Di tutto ciò doveva aver certamente sentito parlare Florian Fricke, pianista diplomatosi all'accademia di Friburgo e personaggio dalla spiccata sensibilità musicale, quando nel 1969 dette il nome al suo nuovo gruppo.
In Den Garten Pharaos resta l'apice assoluto della sua carriera, l'esperienza mistica universale.

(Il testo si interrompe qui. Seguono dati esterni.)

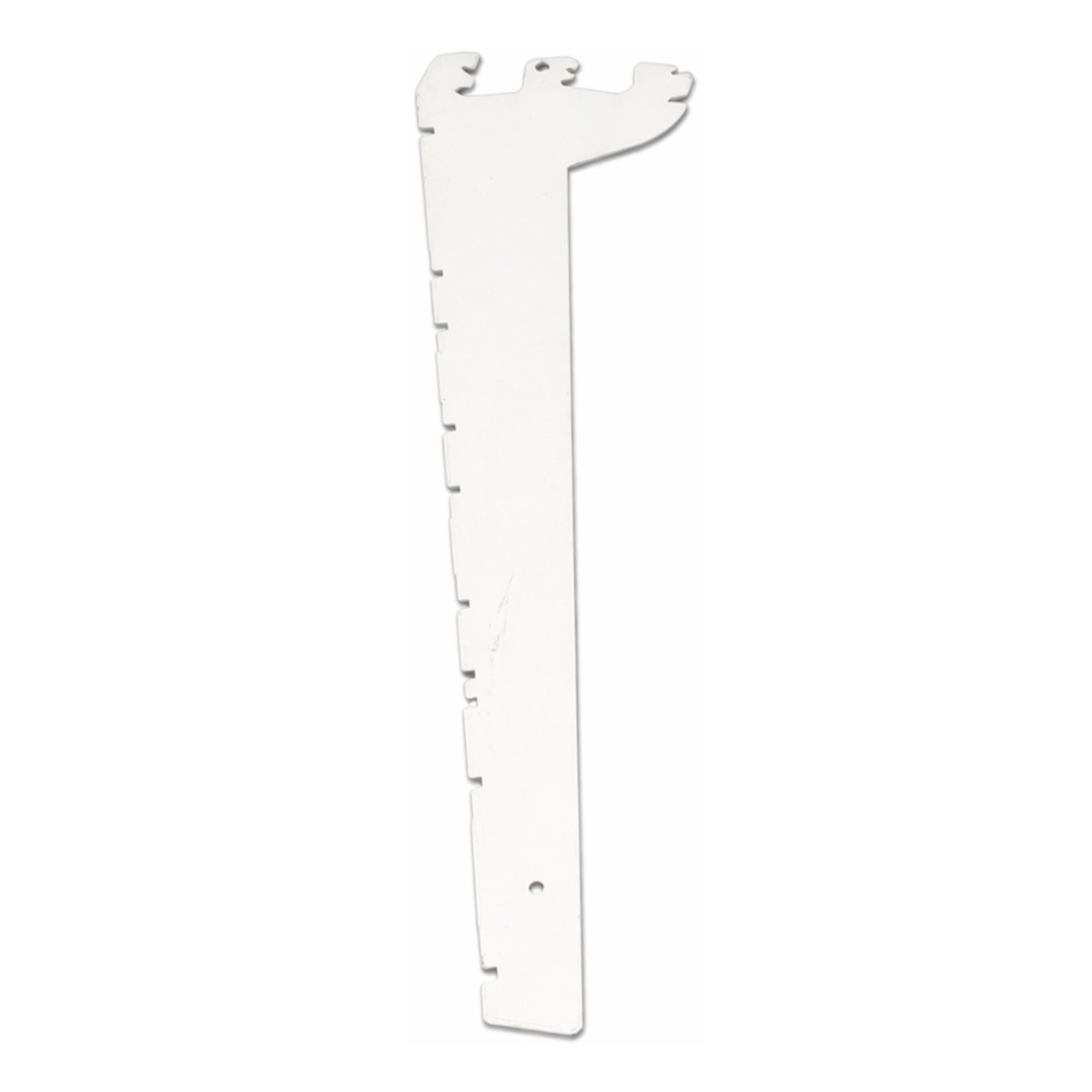 Retail White Shelving Support 51x12cm [AVAILABLE IN STORE ONLY]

L'opera è divisa in due parti: In Den Garten Pharaos e Vuh. La prima parte è primitivismo musicale allo stato puro, un ritorno ancestrale all’arcaismo della non razionalità, dove la fruizione da parte dell’ascoltatore è slegata da ogni condizionamento esterno, la mente è libera e diventa il veicolo per mezzo del quale si può arrivare ad uno stato di trance ascetica. A tratteggiare la cornice di questo ritratto sonoro vi sono percussioni e rumori ambientali, tra i quali quello certamente più efficace è lo scorrere intenso dell’acqua, che incessantemente fluidifica il suono e lo trasforma in un guanto vellutato che trasporta lo spirito della musica verso la destinazione immaginaria di questo incredibile viaggio sensoriale: il giardino del faraone.

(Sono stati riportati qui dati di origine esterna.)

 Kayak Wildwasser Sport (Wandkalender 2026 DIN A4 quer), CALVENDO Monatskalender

La seconda parte, Vuh, è il mantra cosmico per eccellenza: registrato nella cattedrale medievale di Baumburg, innalza il suo coro cerimoniale con un organo a canne che sprigiona energia corroborante, l’eco delle solite percussioni stavolta più fitte, accompagnano i synth che creano la strada sonora da seguire per la meditazione e l’atmosfera che si va a creare è una delle più suggestive che si possano trovare nella musica popolare di tutti i tempi.

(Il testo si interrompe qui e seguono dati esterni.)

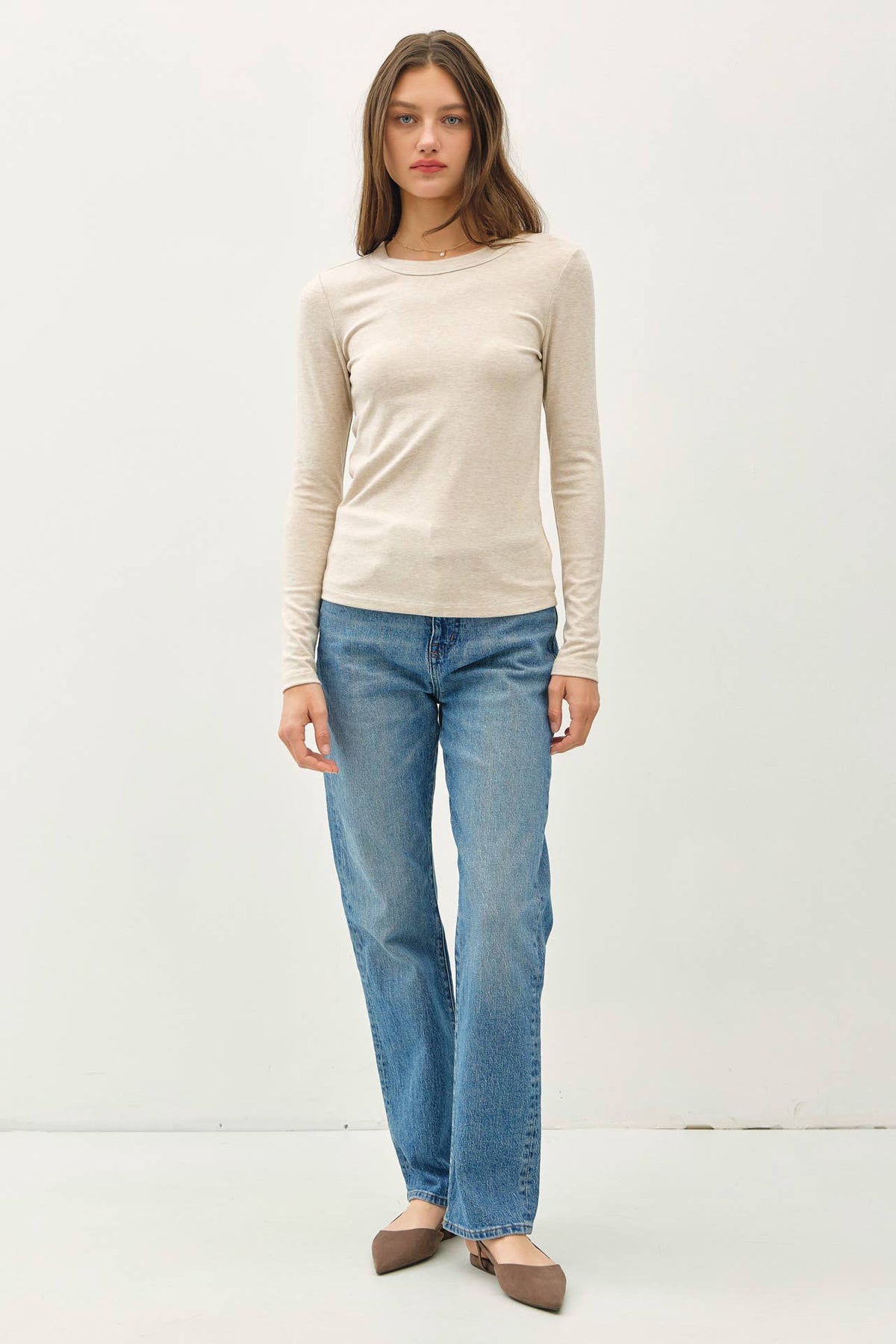 Round Neck Basic Long Sleeve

Un disco assoluto, innovativo, religioso, trascendente, straniante, cerebrale, impulsivo, un disco di musica sacra astratta, in onore della divinità dalle forme indefinite che questa esperienza è riuscita ad evocare, un disco che rappresenta in tutto e per tutto il periodo più splendente del krautrock cosmico, quello dove la musica era ancora un mezzo non per arricchire chi la produceva ma bensì per raggiungere forti emozioni e sensazioni come lo stesso Fricke espresse:
“(…) Nell’apparato propagandistico del capitalismo la musica s’incarica di stendere un velo che serva a coprire la ragione, a impedire di scegliere e decidere. Gran parte del pop americano e inglese si ritrova in quest’ambito deteriore, dove l’arte dei suoni diviene corruzione o appare in stretto accordo con essa”
Un disco il cui suono celestiale vibra tutt’ora da un altro mondo, quello che pare il giardino più bello e del quale Florian, da quando ha esalato l’ultimo respiro, può esserne finalmente il suo faraone.